Extracted records
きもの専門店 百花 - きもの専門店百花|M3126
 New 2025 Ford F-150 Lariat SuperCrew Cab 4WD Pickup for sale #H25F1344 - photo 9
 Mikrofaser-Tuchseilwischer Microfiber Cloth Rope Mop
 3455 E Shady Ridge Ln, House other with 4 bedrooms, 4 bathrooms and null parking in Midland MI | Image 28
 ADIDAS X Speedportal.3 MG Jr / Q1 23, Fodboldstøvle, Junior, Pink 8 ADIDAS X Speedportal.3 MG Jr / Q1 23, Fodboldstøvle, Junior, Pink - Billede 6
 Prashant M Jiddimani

ABOUT THIS EXERCISE:
Retype, exactly as shown, the lines from the one with "3455 E Shady" through the end of the records.

OUTPUT FOR THIS EXERCISE:
 3455 E Shady Ridge Ln, House other with 4 bedrooms, 4 bathrooms and null parking in Midland MI | Image 28
 ADIDAS X Speedportal.3 MG Jr / Q1 23, Fodboldstøvle, Junior, Pink 8 ADIDAS X Speedportal.3 MG Jr / Q1 23, Fodboldstøvle, Junior, Pink - Billede 6
 Prashant M Jiddimani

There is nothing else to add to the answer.